In the midst of that, The Wall Street Journal quoted AARP's longtime policy chief, John Rother, saying the agency was dropping its longstanding opposition to cutting Social Security benefits.

"The ship was sailing. I wanted to be at the wheel when that happens," The Journal quoted Rother as saying.

Certner said the story was inaccurate, that AARP's views were long held. Nevertheless, the story set off a firestorm among Social Security advocates, who roundly criticized AARP as selling out seniors.

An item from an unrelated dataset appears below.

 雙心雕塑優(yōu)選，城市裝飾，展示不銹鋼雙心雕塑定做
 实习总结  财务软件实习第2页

Most advocacy groups oppose all cuts to Social Security benefits, even those that would affect only future generations, such as an increase in the retirement age.

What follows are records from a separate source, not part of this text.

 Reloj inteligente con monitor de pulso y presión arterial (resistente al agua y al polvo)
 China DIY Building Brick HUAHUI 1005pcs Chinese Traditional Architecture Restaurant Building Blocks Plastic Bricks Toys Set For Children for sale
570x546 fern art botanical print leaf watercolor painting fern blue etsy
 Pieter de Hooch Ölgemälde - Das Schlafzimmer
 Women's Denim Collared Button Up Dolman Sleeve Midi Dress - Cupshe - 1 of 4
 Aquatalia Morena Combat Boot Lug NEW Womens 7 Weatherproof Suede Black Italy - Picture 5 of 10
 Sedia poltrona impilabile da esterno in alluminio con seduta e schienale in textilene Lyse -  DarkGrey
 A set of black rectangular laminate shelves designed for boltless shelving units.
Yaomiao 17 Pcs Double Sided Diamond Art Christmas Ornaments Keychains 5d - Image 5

"AARP is losing the confidence of seniors around the country, and not just seniors but people of every age group," said Max Richtman, acting CEO of the National Committee to Preserve Social Security and Medicare. "I hope the ship that he wants to be steer isn't the Titanic filled with seniors."

Ed Coyle, executive director of the Alliance for Retired Americans, said, "AARP does not speak for all seniors, and on this topic probably not many of their own members."

Eric Kingson, co-chair of the Strengthen Social Security Campaign, a coalition of about 300 groups, accused AARP of trying to win an influential seat at the negotiating table when lawmakers tackle Social Security.

"AARP is positioning itself as an inside dealmaker that's open to benefit cuts when in fact it should be educating the public about the need to selectively improve the one economic security retirement institution that works quite well," Kingson said. "Even if one believes that some ground may have to be ceded on Social Security, it's terrible negotiation strategy to signal a willingness to compromise before negotiations are joined."

Rother was traveling Friday and unavailable for comment, said AARP spokeswoman Mary Liz Burns. Instead, AARP made Certner available for numerous interviews and released a statement by CEO A. Barry Rand.

"Let me be clear — AARP is as committed as we've ever been to fighting to protect Social Security for today's seniors and strengthening it for future generations," Rand said in the statement. "Contrary to the misleading characterization in a recent media story, AARP has not changed its position on Social Security."

"Our focus has always been on the human impact of changes, not just the budget tables," Rand added. "We have maintained for years — to our members, the media and elected officials — that long-term solvency is key to protecting and strengthening Social Security for all generations, and we have urged elected officials in Washington to address the program's long-term challenges in a way that's fair for all generations."

Social Security's finances face long-term problems because the massive retirement and disability system is being hit by a wave of retiring baby boomers. Last year, the program started paying out more money in benefits than it collected in payroll taxes.

Social Security's actuaries say the trust funds that support the program will be drained by 2036 unless Congress acts. At that point, the system will collect enough in payroll taxes to pay about 77 percent of benefits. Between now and 2036, the government will have to borrow to meet Social Security's obligations because the money held in reserve has been spent on other programs.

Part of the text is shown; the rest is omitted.